- **Supplied information**:
______

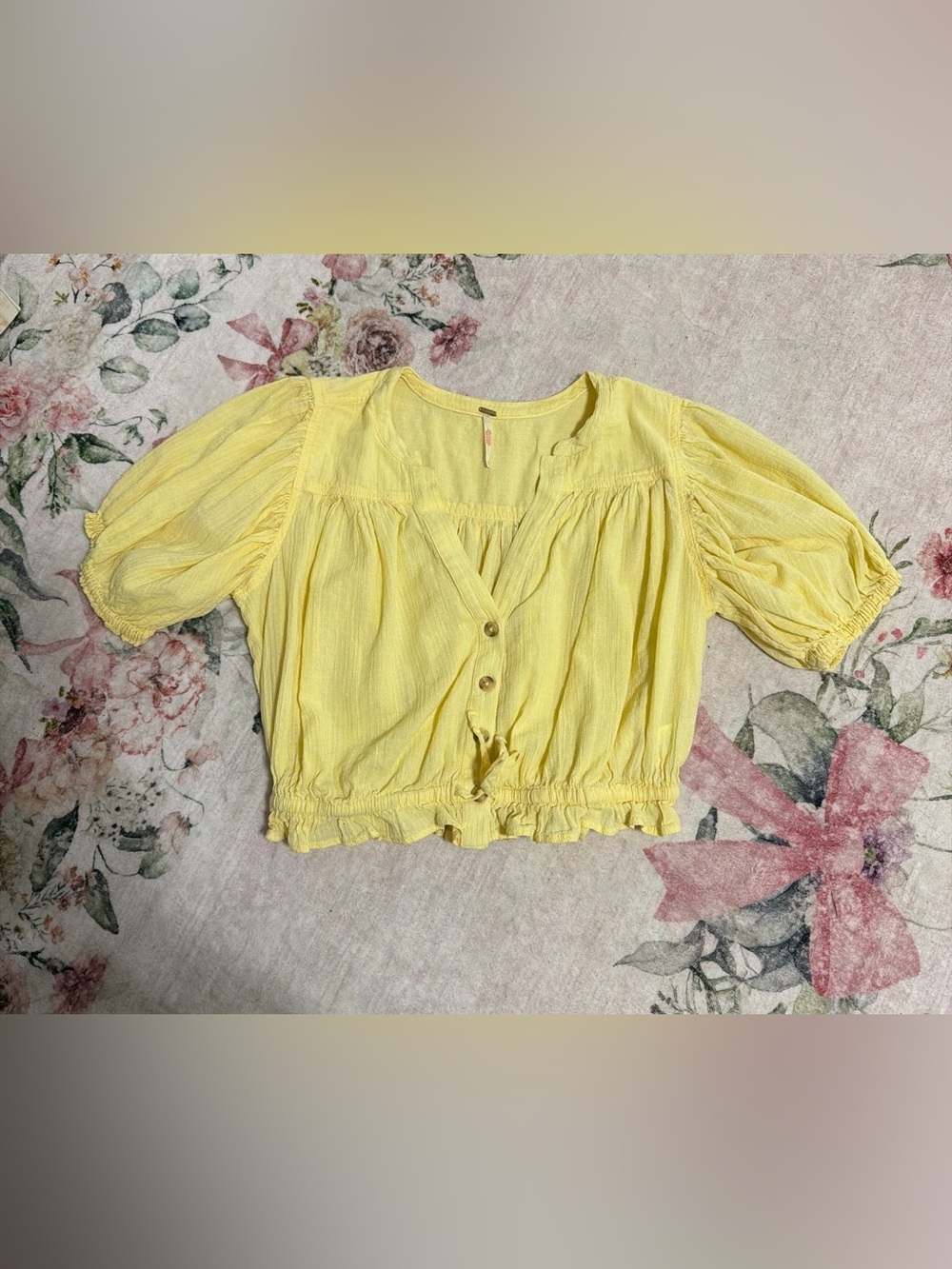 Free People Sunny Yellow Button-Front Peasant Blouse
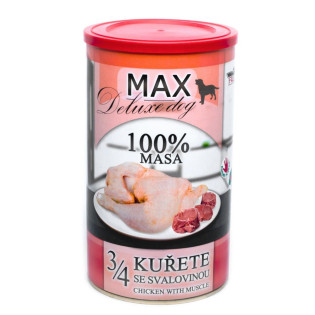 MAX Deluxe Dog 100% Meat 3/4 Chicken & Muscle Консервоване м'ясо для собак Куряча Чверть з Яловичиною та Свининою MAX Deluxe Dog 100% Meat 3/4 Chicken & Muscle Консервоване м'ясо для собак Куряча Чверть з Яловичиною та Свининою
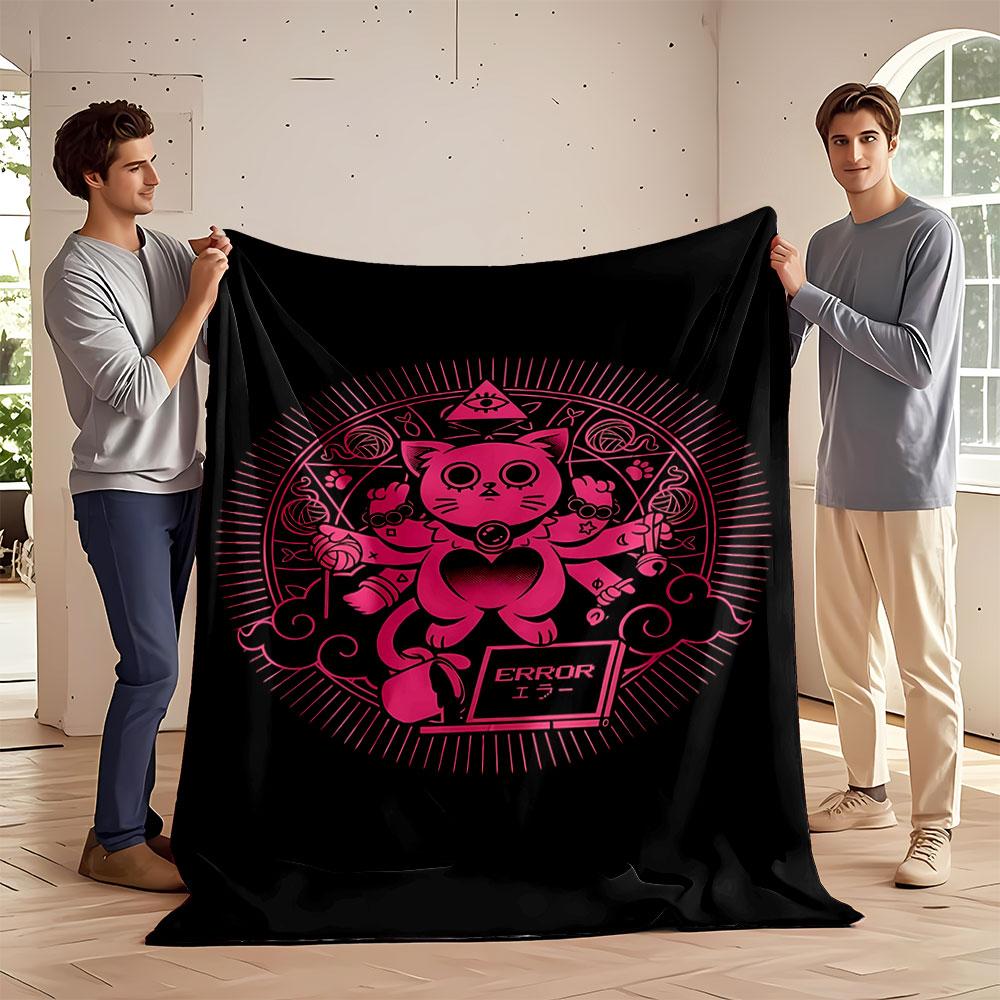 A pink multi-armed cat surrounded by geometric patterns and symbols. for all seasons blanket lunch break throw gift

______

- **Your objective**:
Leave the images out as you retype each line of the material exactly.

- **Solution for this problem**:
 Free People Sunny Yellow Button-Front Peasant Blouse
 MAX Deluxe Dog 100% Meat 3/4 Chicken & Muscle Консервоване м'ясо для собак Куряча Чверть з Яловичиною та Свининою MAX Deluxe Dog 100% Meat 3/4 Chicken & Muscle Консервоване м'ясо для собак Куряча Чверть з Яловичиною та Свининою
 A pink multi-armed cat surrounded by geometric patterns and symbols. for all seasons blanket lunch break throw gift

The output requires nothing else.